EXERCISE REQUIREMENTS
Tell me how many lines in the data include "Black", and keep the reply to that number.

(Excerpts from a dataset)
# # # #

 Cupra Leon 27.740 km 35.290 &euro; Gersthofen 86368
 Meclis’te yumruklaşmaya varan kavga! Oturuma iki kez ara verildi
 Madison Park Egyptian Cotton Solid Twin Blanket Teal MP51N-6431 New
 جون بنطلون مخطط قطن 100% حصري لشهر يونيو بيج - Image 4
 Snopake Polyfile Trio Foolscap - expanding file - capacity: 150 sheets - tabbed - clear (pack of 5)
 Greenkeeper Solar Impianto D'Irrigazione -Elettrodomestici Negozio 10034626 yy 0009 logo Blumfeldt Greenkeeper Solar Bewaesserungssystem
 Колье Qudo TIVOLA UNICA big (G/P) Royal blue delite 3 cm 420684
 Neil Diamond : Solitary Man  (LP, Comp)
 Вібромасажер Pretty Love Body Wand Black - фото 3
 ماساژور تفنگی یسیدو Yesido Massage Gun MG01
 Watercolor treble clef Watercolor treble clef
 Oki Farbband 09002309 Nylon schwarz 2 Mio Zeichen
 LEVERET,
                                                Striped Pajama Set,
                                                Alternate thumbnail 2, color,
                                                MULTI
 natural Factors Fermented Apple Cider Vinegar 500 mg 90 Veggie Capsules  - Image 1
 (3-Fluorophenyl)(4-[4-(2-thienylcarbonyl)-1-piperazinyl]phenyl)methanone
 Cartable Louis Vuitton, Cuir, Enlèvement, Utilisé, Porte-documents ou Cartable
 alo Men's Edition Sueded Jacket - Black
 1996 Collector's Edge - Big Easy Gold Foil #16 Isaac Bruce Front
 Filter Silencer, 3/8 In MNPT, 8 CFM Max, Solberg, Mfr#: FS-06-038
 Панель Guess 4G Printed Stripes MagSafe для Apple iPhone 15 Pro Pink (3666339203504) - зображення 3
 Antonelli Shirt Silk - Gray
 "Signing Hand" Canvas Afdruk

# # # #

FINISHED TASK
2